Hooda Thunkit (Dave Zawodny) said...

A thought:

Every time taxes have been cut, the Government's income has risen.

Unfortunately, most of the time Government has chosen to respond by spending even more...

I'd like to offer:

Line item veto

No riders (every bill is a stand-alone separate bill

-and-

A goal of a balanced budget by 2008, with a debt reduction to Zero by 2016.

So that our grandchildren's children will grow up in a debt free country.

One more thing:

Zero foreign aid starting in 2007.

Lets lend our foreign aid to US (the US).

Maybe then social security can stop being stolen from workers qualifying for additional pension sources, and it will no longer be in trouble.

We know our foreign aid "investments" yield very little return, so let's invest it in ourselves.

Charles N. Steele said...

Hooda is right on.
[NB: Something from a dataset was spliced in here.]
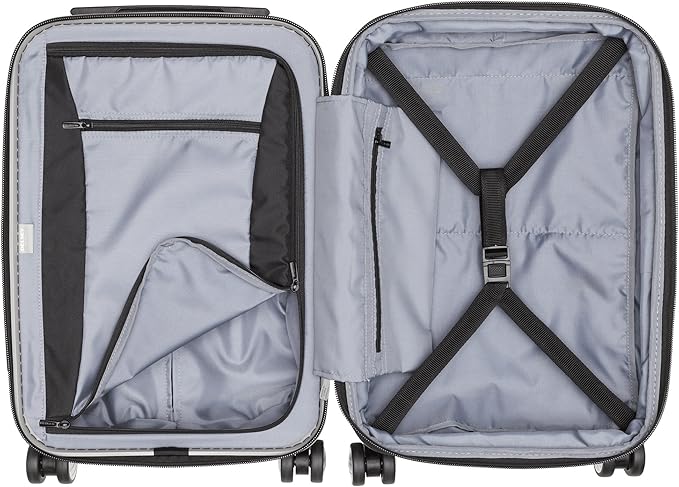 DELSEY PARIS Titanium Hardside Expandable Luggage with Spinner Wheels Carry-On Luggage, Silver, Carry-On 19 Inch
The so-called "tax cuts" are really just postponed taxes, since there's no corresponding cut in spending (spending continues to rise, of course). So guvamint borrows to make up the difference, and we end up paying through future taxes.

Hooda does go off target on the foreign aid issue -- an enormous part of U.S. foreign aid goes to Americans. When USAID awards contracts for foreign development projects, you didn't think they awarded them to foreigners, did you? They award them to American beltway bandits, For-Profits and non-profit NGOs. Yes, some cash does eventually trickle down to the furreners, but not so much. After all, it's the American firms and NGOs who have the political pull, not the poor foreigners.

Scott G said...

No foreign aid would be a bad policy move in my opinion. I agree we need to help ourselves first, but if we don't help the rest of the world, we just make ourselves more hated. Not to mention the spread of disease that could occur.